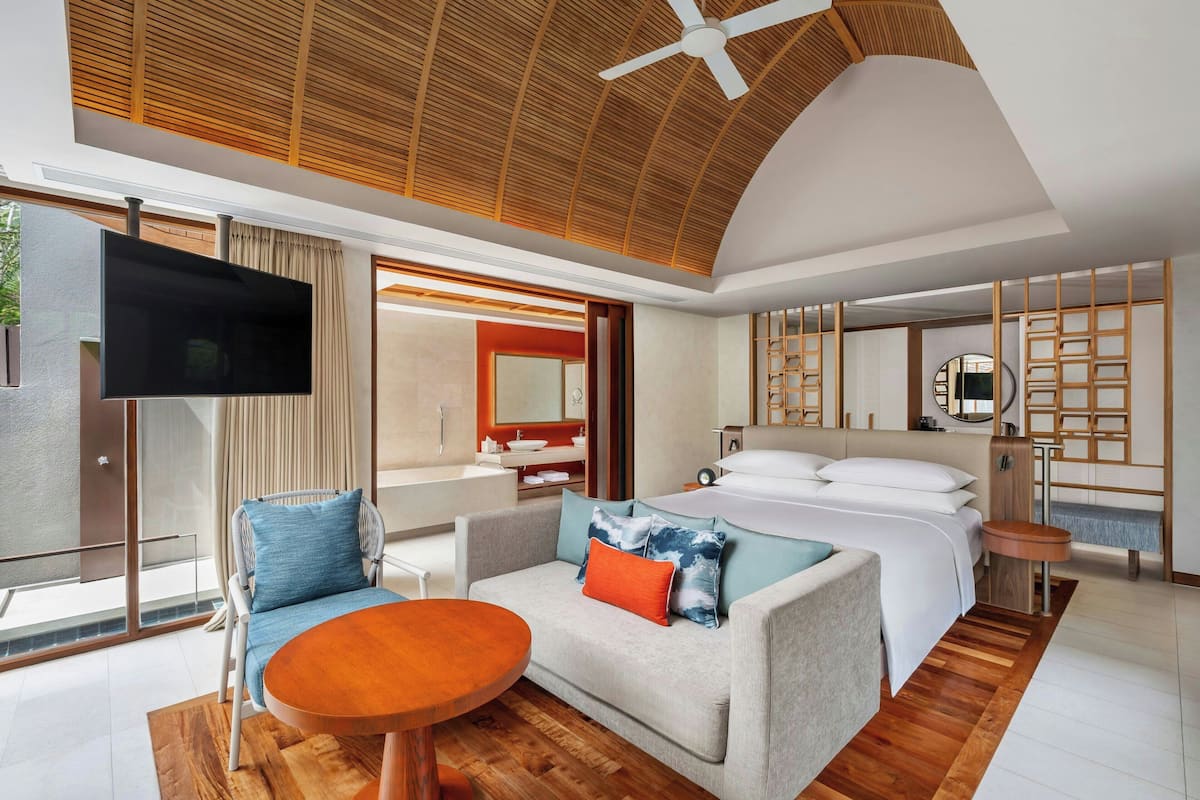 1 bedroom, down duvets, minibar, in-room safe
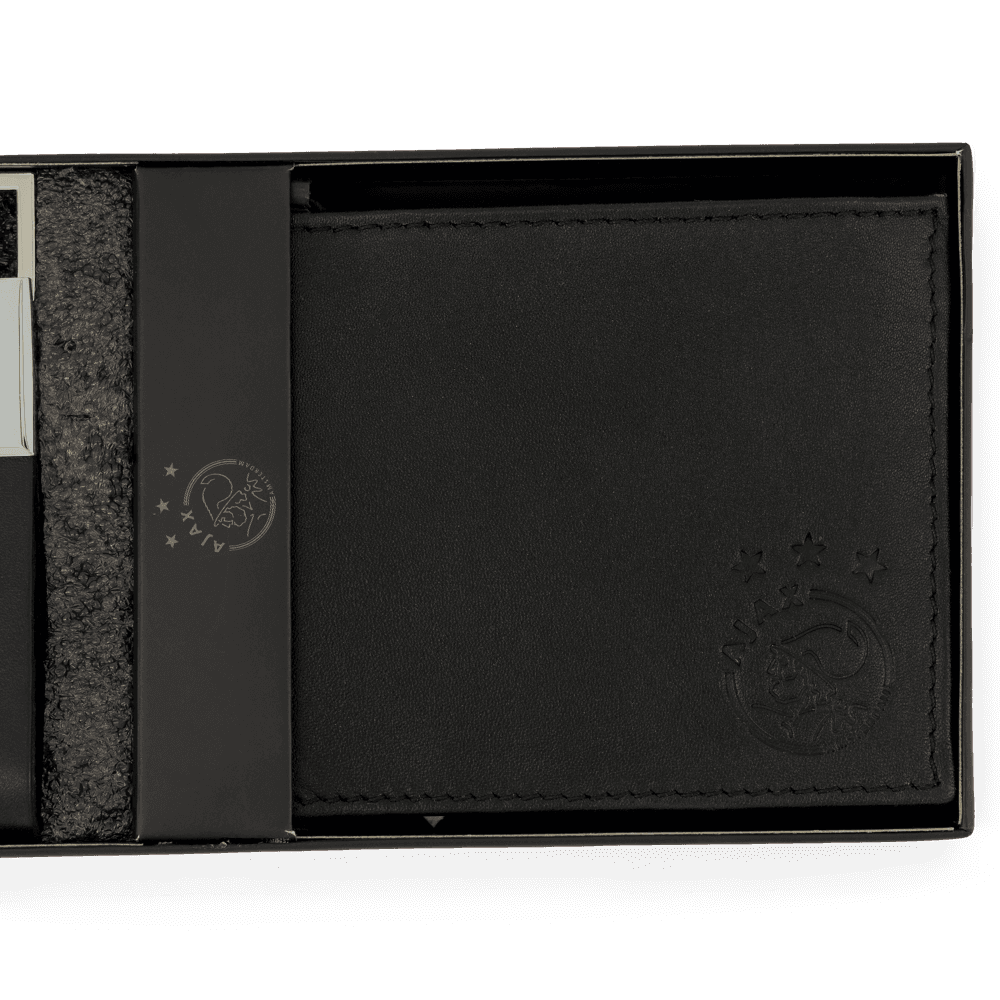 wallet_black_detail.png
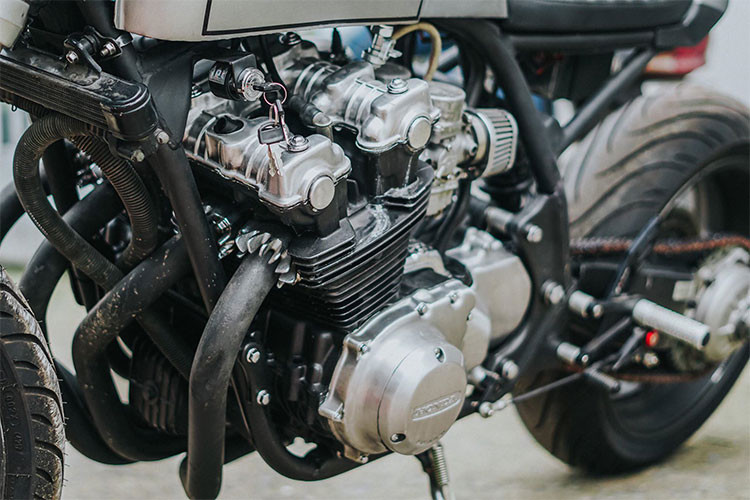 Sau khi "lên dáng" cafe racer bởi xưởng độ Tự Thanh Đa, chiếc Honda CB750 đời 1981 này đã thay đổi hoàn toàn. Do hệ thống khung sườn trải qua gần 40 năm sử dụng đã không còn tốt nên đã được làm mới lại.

▶ [What is required]: Keep every word of the data as it is when you write it out, but drop the pictures.

▶ [Exercise solution]:
 1 bedroom, down duvets, minibar, in-room safe
 wallet_black_detail.png
 Sau khi "lên dáng" cafe racer bởi xưởng độ Tự Thanh Đa, chiếc Honda CB750 đời 1981 này đã thay đổi hoàn toàn. Do hệ thống khung sườn trải qua gần 40 năm sử dụng đã không còn tốt nên đã được làm mới lại.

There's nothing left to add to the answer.